GFP can also be used a more generically, as a bait protein. Using an antibody that specifically grabs hold of GFP can allow scientists to pull GFP out of a cellular mixture. If that GFP is attached to a certain protein, the protein will be pulled too- along with any other things that protein might happen to interact with! Although such ‘pull downs’ could technically be done using an antibody against the actual protein-of-interest, as opposed to its GFP ‘tag’, having a generic tag like GFP saves both the time and money involved in making specialised antibodies each time you want to focus on a new protein.
Also, in case green isn’t your colour, there have been several modifications of the chromophore (the colour-giving bit) of the protein, to make slightly different hues!
There are many more uses of GFP that we haven’t gone into here- literally an entire book worth.
Even a great protein has its limitations
The biggest disadvantage is that working with GFP still requires specific microscopes involving optics, lasers, filters and sensitive cameras. These microscopes are expensive and can therefore represent the biggest bottleneck in working with GFP.
In plants, researchers using GFP face an additional challenge: chlorophyll also enjoys absorbing and emitting its own kind of light. As it turns out, this can mostly be avoided by using the right experimental controls, tight filtering of light wavelengths and thinking about timing.

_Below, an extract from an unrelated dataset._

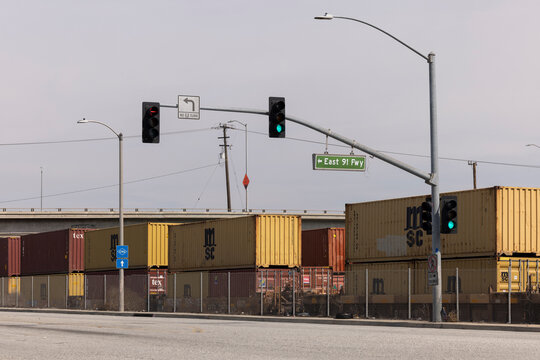 Compton, California, USA - April 2, 2025: An intermodal stack freight train loaded with containers passes towards the port of Los Angeles.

The Great Fluorescent Protein
GFP has become one of the standard tools in the toolbox of any molecular biologist. It is not only a versatile little protein, it also allows us to actually see what’s going in the cell – a rare occurrence in a profession that mostly seems to involve mixing clear liquids mixed with more clear liquids. While not without shortcomings, GFP and its successors have a justified and permanent place. All thanks to a jellyfish that had to be a tad bit fancier than all other glowing creatures around it.
References for this article are embedded as links throughout.